● YOUR ASSIGNMENT: Retype each entry verbatim. Do not include the images.

Short text fragments from websites

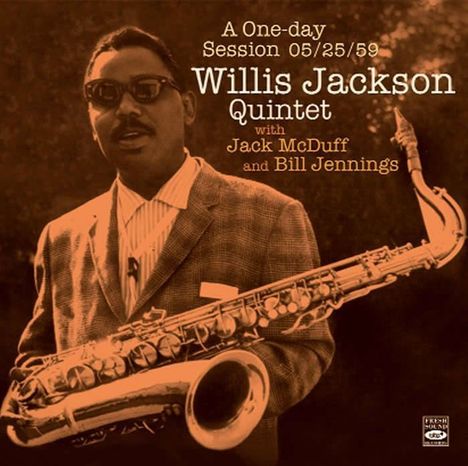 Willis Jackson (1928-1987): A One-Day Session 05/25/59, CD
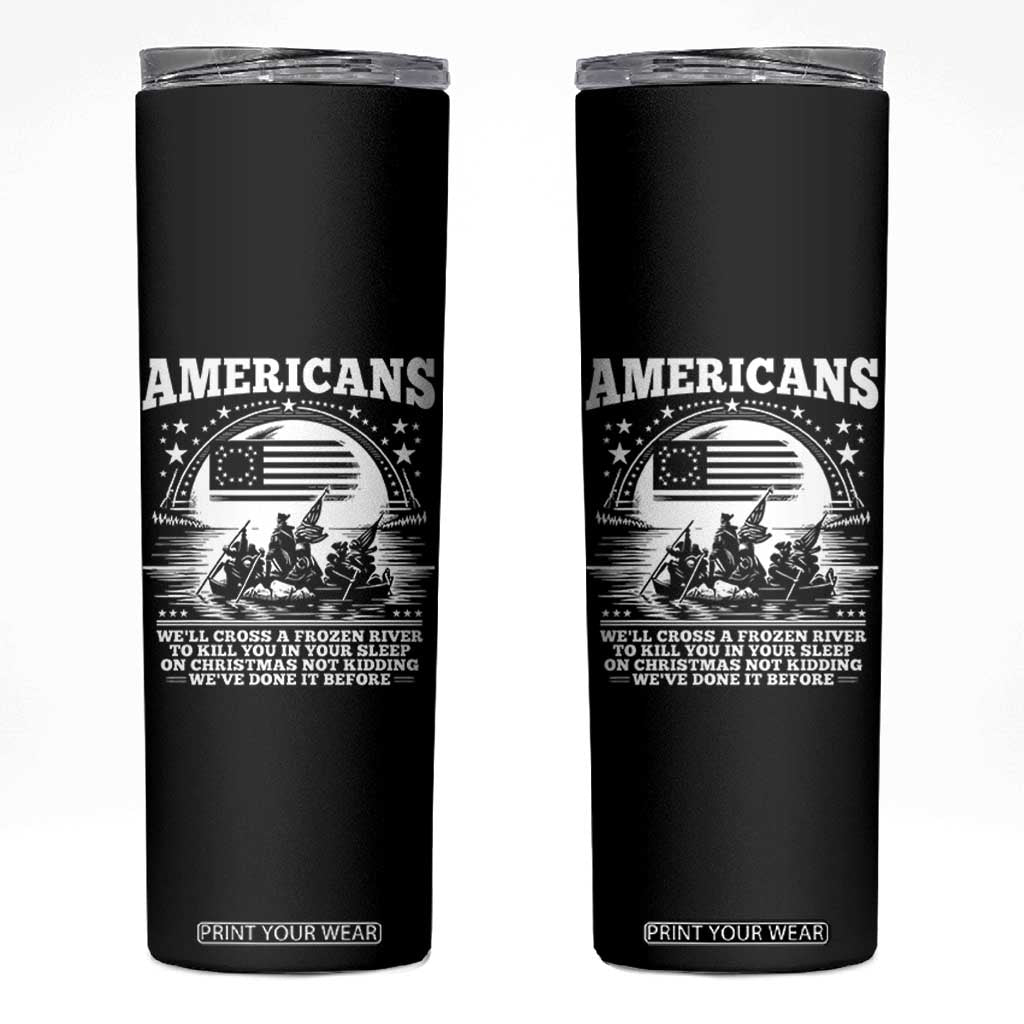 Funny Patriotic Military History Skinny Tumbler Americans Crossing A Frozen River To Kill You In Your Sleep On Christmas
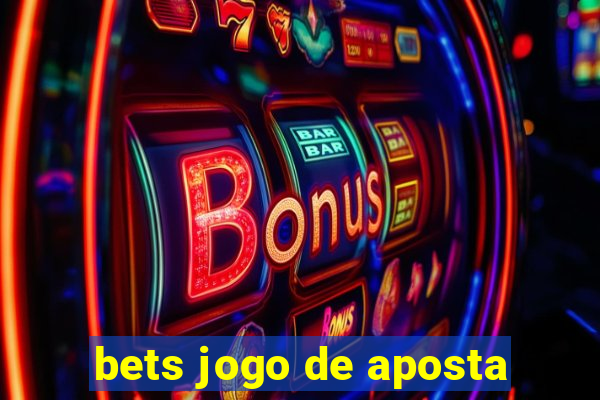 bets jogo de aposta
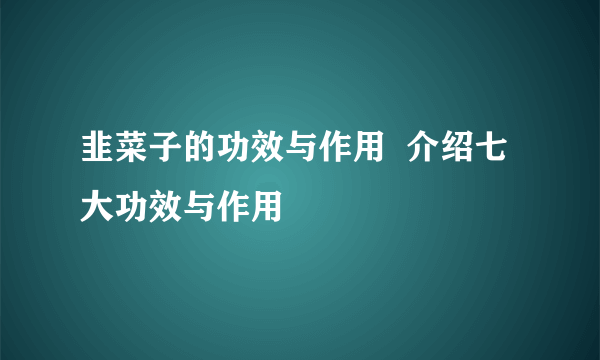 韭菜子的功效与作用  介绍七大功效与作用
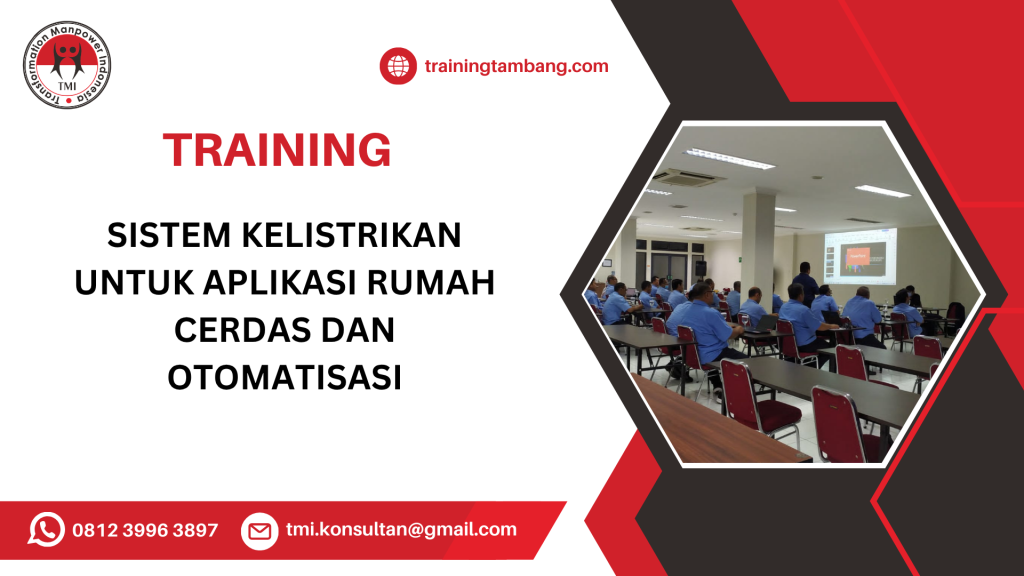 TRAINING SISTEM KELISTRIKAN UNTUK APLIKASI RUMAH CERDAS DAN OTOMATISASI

● RESPONSE FOR THIS EXERCISE:
 Willis Jackson (1928-1987): A One-Day Session 05/25/59, CD
 Funny Patriotic Military History Skinny Tumbler Americans Crossing A Frozen River To Kill You In Your Sleep On Christmas
 bets jogo de aposta
 韭菜子的功效与作用  介绍七大功效与作用
 TRAINING SISTEM KELISTRIKAN UNTUK APLIKASI RUMAH CERDAS DAN OTOMATISASI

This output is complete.